═════ LISTED RECORDS ═════

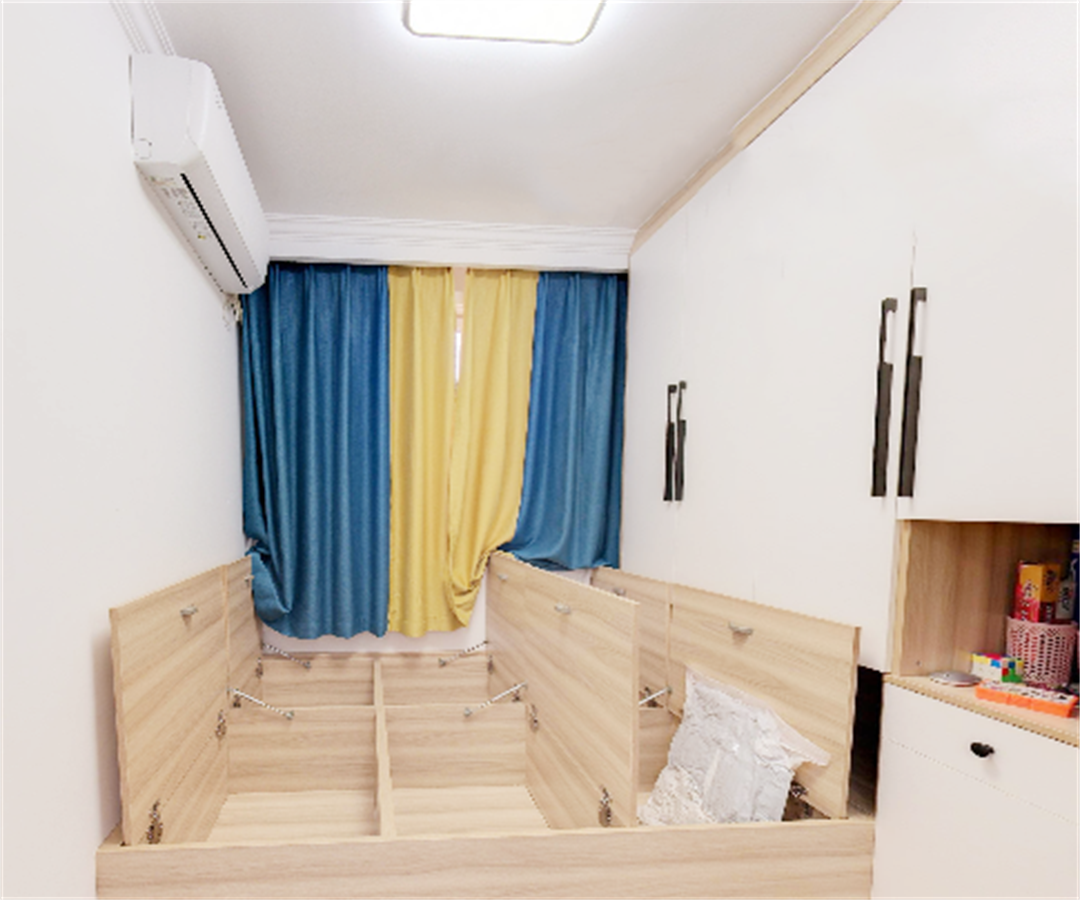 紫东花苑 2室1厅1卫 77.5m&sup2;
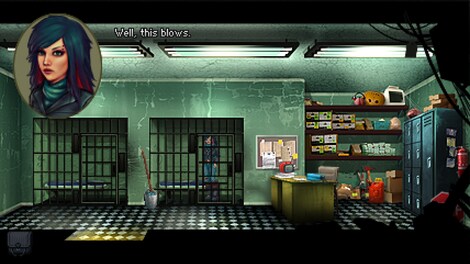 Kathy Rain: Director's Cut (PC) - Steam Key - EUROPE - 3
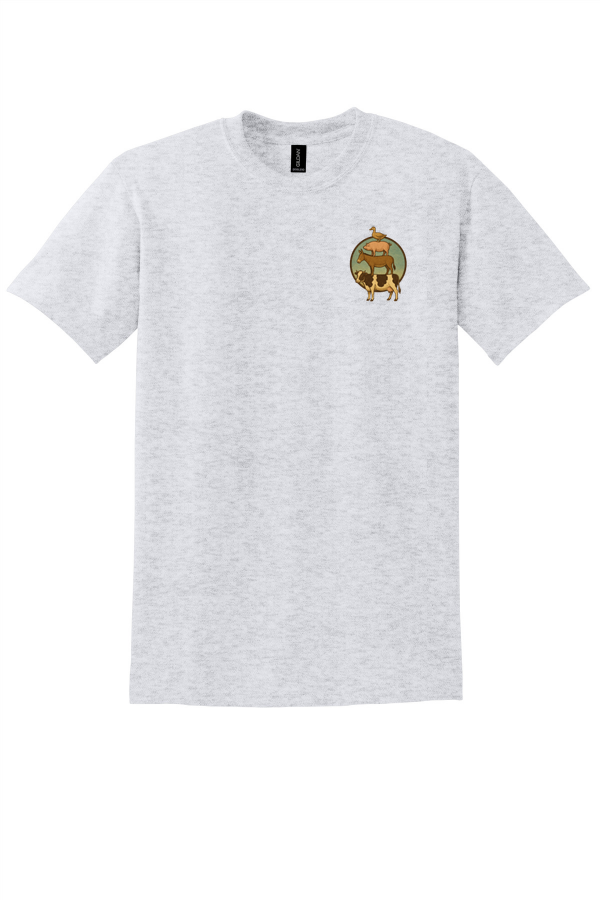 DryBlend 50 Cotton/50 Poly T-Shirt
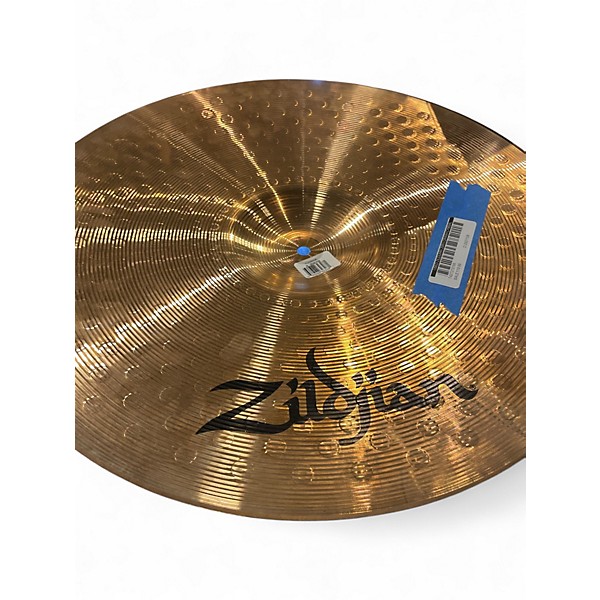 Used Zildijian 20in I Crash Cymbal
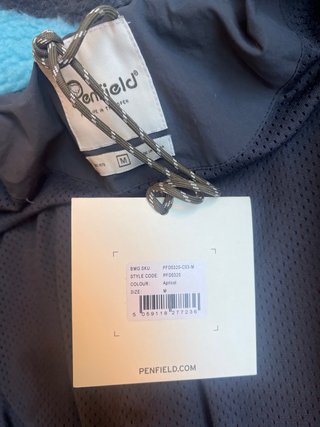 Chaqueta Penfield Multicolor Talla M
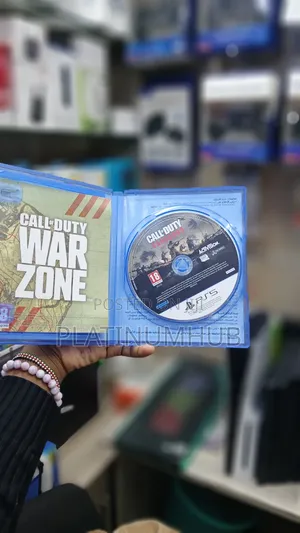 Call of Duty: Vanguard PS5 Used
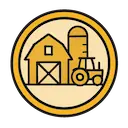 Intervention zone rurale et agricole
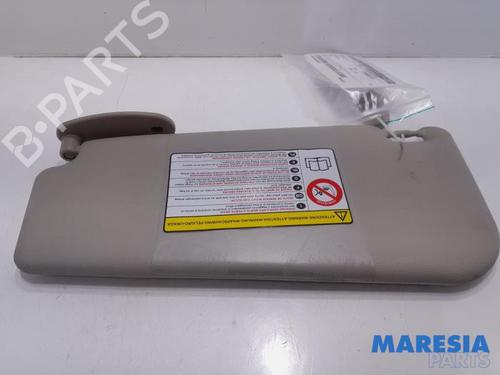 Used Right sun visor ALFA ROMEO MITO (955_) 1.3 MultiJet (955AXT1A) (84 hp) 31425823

═════

**WHAT IS BEING ASKED**
Please print each record above again exactly, but omit any pictures.

**RESPONSE AREA**
 紫东花苑 2室1厅1卫 77.5m&sup2;
 Kathy Rain: Director's Cut (PC) - Steam Key - EUROPE - 3
 DryBlend 50 Cotton/50 Poly T-Shirt
 Used Zildijian 20in I Crash Cymbal
 Chaqueta Penfield Multicolor Talla M
 Call of Duty: Vanguard PS5 Used
 Intervention zone rurale et agricole
 Used Right sun visor ALFA ROMEO MITO (955_) 1.3 MultiJet (955AXT1A) (84 hp) 31425823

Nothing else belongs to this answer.